Екатерина Васильевна не отходила от койки. То и дело брала мою руку, щупала пульс, вздыхала и потихоньку плакала. Иногда она убегала в глубину больничных палат и возвращалась с дежурным врачом, молоденькой выпускницей. Обе суетились подле меня, ставили уколы, шептались.
Только перед утром перестал я опять метаться, звать на помощь, начал ровнее дышать, улучшился пульс. Врачиха повторяла:
— Только бы кризис прошел, только бы прошел кризис, а там встанет.
Она ушла к другим больным — из палаты раненых фронтовиков кто-то настойчиво звал ее, а Екатерина Васильевна осталась дежурить возле меня. Она присела на кромку кровати, облокотилась на ее спинку и, утомленная, задремала...
Взошло солнце, добралось лучом до Кешиной койки, и тот проснулся. Сначала он долго и непонимающе смотрел в потолок, потом, едва ворочая головой, стал осматриваться по сторонам, вспоминая, где он и что с ним? Вспомнил все и понял, что лежит в больнице. С левой стороны от него была стена с солнечным зайчиком, отраженным стеклянной банкой, справа — койка. На ней лежал пацан, чем-то напоминающий меня. На этой же койке спала женщина в белом халате. Но на нее ему было смотреть неинтересно, а я лежал, вытянувшись в струнку, щеки и лоб мой словно были напитаны воском, а под глазами чернели тени. И похож я был на настоящего покойника. Кеша отвернулся было, но какая-то сила вновь заставила повернуться в мою сторону.
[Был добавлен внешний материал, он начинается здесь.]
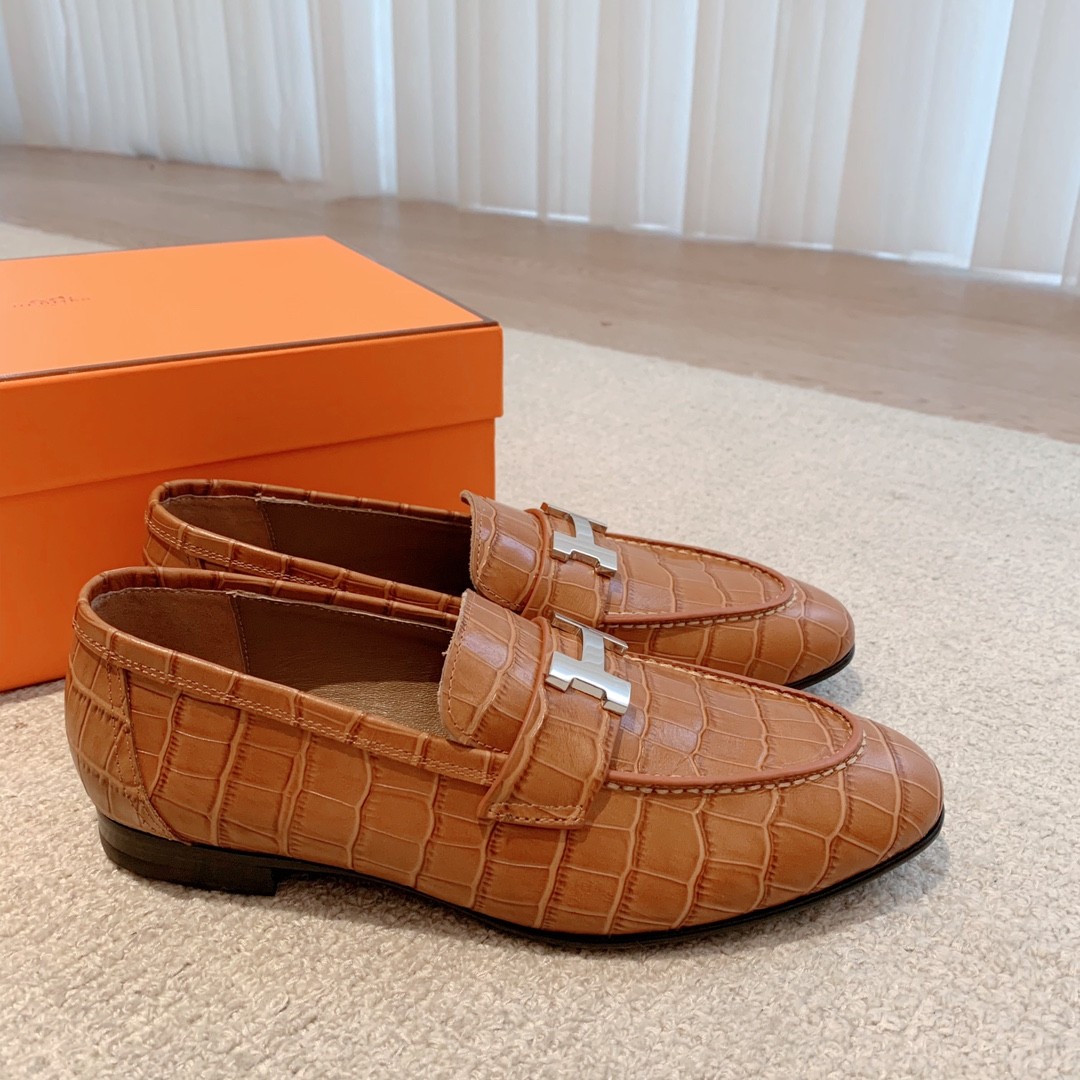 104 44123136 SIZE 35-41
Наконец он узнал меня и завопил изо всех силенок:
— Володька!
Ошарашенная криком, взметнулась с койки Екатерина Васильевна, махнула рукой по глазам, склонилась над Кешей, не дает ему ворочаться, а тот орет:
— Володька! Володька!
Прибежала дежурная врач, больные стали в палату заглядывать, и никто не может понять, почему кричит человек. На меня все обратили внимание лишь после того, как кореш вырвал из-под одеяла руку и указал ею на меня. И оказалось, вовремя — я уже помирал.